Short-Lasting Headaches:

with autonomic features:

- Cluster headache (more in men, unilateral with autonomic, usually daily, 15 min - 2 hrs)

- Chronic & episodic paroxysmal hemicrania (shorter episodes than cluster; usually few minutes & more frequent, indomethacin-responsive more in women)

- SUNCT syndrome (15-120 seconds, autonomic features, unilateral mod.-severe & frequent)

- Cluster-tic syndrome (cluster & tic in same person with eventual fusing of both into one)

 

without prominent autonomic features:

- Trigeminal neuralgia

- Idiopathic stabbing headache

- Cough headache

- Benign exertional headache

- Headache associated with sexual activity

- Hypnic headache (most days, awaken from sleep, last < 1 hr, bilateral, minimal autonomic)

 

References:

Davenport R.  Acute headache in the emergency department.  J Neurol Neurosurg Psychiatry 2002; 72 (Supp II); ii33—ii37.

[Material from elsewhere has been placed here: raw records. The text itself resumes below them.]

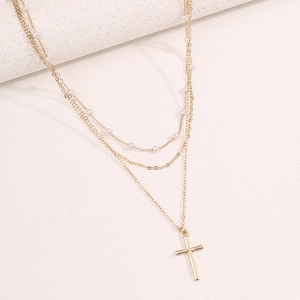 Close-up of golden multi-layer necklace with white pearls and a cross pendant detail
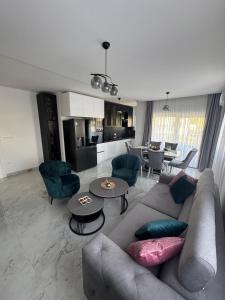 a living room with a couch and a table at Apartment Lumos in Ljubuški
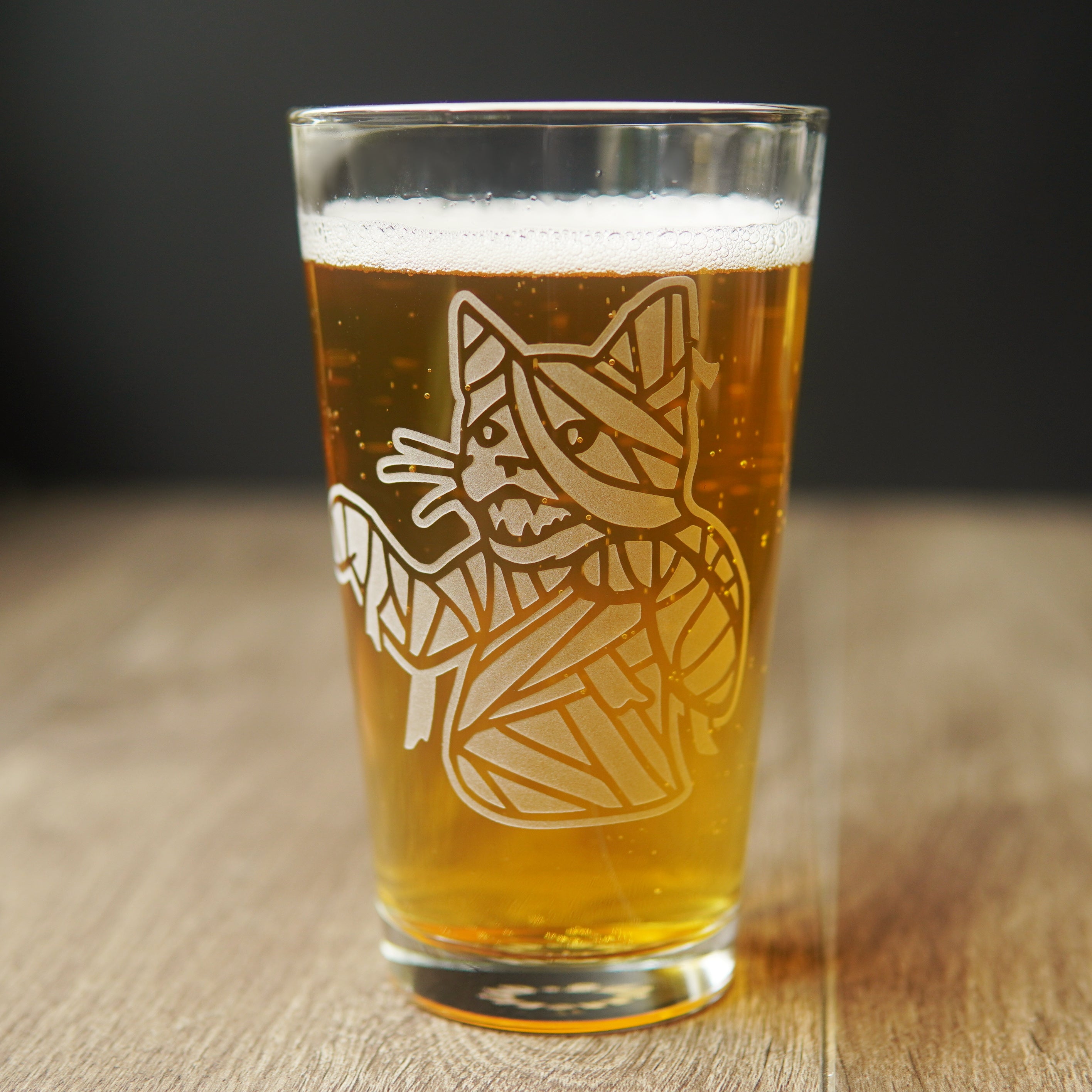 pint glass full of beer etched with the upper body of a mummy cat. The cat's mouth is open, arms slightly outstretched, and wrappings are coming loose.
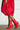 A person stands against a white brick wall, adorned in a bright red dress with voluminous textures and sleek faux leather boots. The footwear, known as the AZALEA WANG KATHERINE RED PU BOOTIE, showcases side zippers and complements the minimalist concrete floor of the indoor setting.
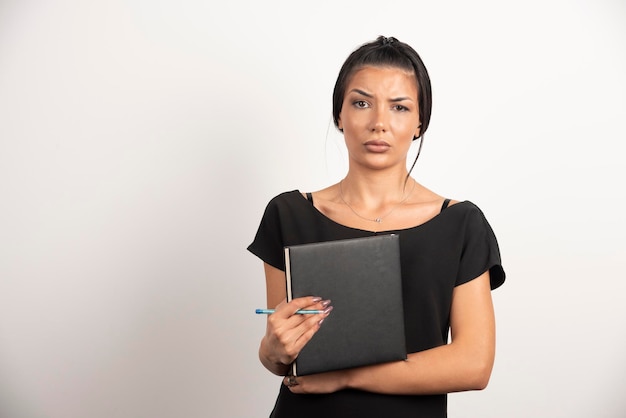 Brunette employee with notebook posing on white wall.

Headache Classification Committee of the International Headache Society.  Classification and diagnostic criteria for headache disorders, cranial neuralgias and facial pain.  Cephalalgia 1998; 8(Supp 7); 1-96S.

Kaniecki R.  Headache assessment and management.  JAMA 2003; 289: 1430-33.

Steiner TJ, Fontebasso M.  Headache.  BMJ 2002; 325: 881-86.